# Bigram Language Model

In this lab we will implement a bigram language model and use it to compute the probability of some sample sentences. 

### Outcomes
* Know how to count word frequencies in a corpus using Python libraries.
* Understand how to compute conditional probabilities.
* Be able to apply the chain rule to compute the probability of a sentence.

### Overview

The first part of the notebook loads the same dataset as last week. 
The next part splits the data into training and test sets, and tokenises the utterances.
After this there are some tasks to complete to implement and test the language model. 

# 1. Preparing the Data 

In [1]:
from datasets import load_dataset

split = "train"
cache_dir = "./data_cache"

dataset = load_dataset(
    "doc2dial",
    name="dialogue_domain",  # this is the name of the dataset for the second subtask, dialog generation
    split=split,
    ignore_verifications=True,
    cache_dir=cache_dir,
)

Reusing dataset doc2dial (./data_cache/doc2dial/dialogue_domain/1.0.1/c15afdf53780a8d6ebea7aec05384432195b356f879aa53a4ee39b740d520642)


In [2]:
# Collect all the utterances into a list. 
# For this task, we don't care about the order of the utterances in the conversation -- 
# we will just be using the utterances of examples of the language we want to model.

utterances = []
for sample in dataset:
    turns = sample['turns']
    for turn in turns:
        if turn['role'] == 'user':
            utterances.append(turn['utterance'])
            
###
print(f'Number of utterances: {len(utterances)}')

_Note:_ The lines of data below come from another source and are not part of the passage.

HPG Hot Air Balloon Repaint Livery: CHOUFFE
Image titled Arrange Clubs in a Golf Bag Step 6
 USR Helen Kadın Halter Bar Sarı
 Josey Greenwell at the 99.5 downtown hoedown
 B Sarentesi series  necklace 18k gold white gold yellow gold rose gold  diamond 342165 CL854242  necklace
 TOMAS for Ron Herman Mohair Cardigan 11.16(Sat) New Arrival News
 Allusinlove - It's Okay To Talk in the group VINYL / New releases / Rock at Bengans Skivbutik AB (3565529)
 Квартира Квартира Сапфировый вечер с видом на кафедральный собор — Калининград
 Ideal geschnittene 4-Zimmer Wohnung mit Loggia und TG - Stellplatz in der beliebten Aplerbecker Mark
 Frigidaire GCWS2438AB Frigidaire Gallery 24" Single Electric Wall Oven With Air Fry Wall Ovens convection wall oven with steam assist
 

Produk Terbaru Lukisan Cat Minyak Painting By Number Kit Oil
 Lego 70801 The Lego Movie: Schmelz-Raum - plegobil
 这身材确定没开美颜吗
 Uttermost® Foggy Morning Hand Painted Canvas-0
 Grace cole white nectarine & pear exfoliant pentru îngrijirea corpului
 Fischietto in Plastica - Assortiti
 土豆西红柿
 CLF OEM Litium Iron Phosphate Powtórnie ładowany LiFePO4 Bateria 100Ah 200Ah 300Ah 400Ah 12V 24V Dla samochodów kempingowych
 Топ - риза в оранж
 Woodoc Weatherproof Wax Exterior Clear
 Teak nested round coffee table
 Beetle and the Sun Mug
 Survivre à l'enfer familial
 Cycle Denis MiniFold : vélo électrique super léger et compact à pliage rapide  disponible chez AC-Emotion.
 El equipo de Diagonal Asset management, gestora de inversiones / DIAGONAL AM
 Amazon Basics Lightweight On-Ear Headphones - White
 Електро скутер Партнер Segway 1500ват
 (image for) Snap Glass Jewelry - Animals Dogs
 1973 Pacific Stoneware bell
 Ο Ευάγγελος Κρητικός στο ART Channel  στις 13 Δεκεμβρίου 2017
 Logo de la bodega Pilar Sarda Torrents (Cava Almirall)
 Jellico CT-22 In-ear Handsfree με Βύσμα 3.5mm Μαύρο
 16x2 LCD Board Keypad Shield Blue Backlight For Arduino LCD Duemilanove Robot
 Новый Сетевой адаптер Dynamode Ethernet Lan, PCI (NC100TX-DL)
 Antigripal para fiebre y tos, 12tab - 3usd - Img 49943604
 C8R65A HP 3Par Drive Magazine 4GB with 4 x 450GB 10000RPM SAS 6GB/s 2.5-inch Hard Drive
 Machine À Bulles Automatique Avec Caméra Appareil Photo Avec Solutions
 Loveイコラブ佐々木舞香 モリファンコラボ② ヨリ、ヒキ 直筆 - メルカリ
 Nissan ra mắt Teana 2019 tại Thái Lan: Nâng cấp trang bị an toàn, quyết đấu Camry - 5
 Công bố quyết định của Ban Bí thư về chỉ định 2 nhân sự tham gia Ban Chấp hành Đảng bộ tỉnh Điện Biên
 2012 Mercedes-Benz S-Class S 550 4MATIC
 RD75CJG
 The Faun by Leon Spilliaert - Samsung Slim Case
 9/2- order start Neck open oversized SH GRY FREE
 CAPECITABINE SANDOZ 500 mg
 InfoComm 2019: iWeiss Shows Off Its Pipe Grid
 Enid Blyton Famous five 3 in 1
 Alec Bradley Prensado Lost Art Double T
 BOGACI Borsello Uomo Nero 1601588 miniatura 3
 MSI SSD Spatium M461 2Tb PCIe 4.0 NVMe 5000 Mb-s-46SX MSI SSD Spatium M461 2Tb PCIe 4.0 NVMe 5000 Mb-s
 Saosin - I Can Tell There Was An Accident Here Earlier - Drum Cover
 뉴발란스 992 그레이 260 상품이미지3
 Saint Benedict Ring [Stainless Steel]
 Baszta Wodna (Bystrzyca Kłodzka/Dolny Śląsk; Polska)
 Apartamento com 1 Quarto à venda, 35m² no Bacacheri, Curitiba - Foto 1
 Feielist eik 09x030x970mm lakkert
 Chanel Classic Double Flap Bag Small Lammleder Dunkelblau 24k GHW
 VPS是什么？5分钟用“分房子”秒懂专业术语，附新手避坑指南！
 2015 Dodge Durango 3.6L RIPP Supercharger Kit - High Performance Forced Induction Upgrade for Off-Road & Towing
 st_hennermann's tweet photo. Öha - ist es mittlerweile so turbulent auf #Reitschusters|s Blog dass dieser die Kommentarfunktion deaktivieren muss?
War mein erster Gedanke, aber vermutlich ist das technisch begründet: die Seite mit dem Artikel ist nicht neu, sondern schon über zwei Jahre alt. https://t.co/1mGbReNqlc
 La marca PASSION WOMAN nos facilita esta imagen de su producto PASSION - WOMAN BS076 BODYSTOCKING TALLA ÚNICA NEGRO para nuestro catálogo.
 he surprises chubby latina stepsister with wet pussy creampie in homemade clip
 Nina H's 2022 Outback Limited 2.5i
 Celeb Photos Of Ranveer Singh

Number of utterances: 22151


In [3]:
# Tokenise the samples. You can replace NLTK with another tokenizer if you prefer. 
import nltk

for i in range(len(utterances)):
    utterances[i] = nltk.word_tokenize(utterances[i])
    
print(utterances[2])

['Thanks', ',', 'and', 'in', 'case', 'I', 'forget', 'to', 'bring', 'all', 'of', 'the', 'documentation', 'needed', 'to', 'the', 'DMV', 'office', ',', 'what', 'can', 'I', 'do', '?']


In [None]:
# We need to put in some artificial start <s> and end <e> tokens. 
# These will be used to model which words are most likely to start or end a sentence. 

for i in range(len(utterances)):
    utterances[i] = ['<s>'] + utterances[i] + ['<e>']

In [None]:
# Split the data into training and test using scikit-learn.
from sklearn.model_selection import train_test_split

train_size = 0.8
test_size = 0.2

# Split the train data from the test data
train_data, test_data = train_test_split(utterances, train_size=train_size, test_size=test_size)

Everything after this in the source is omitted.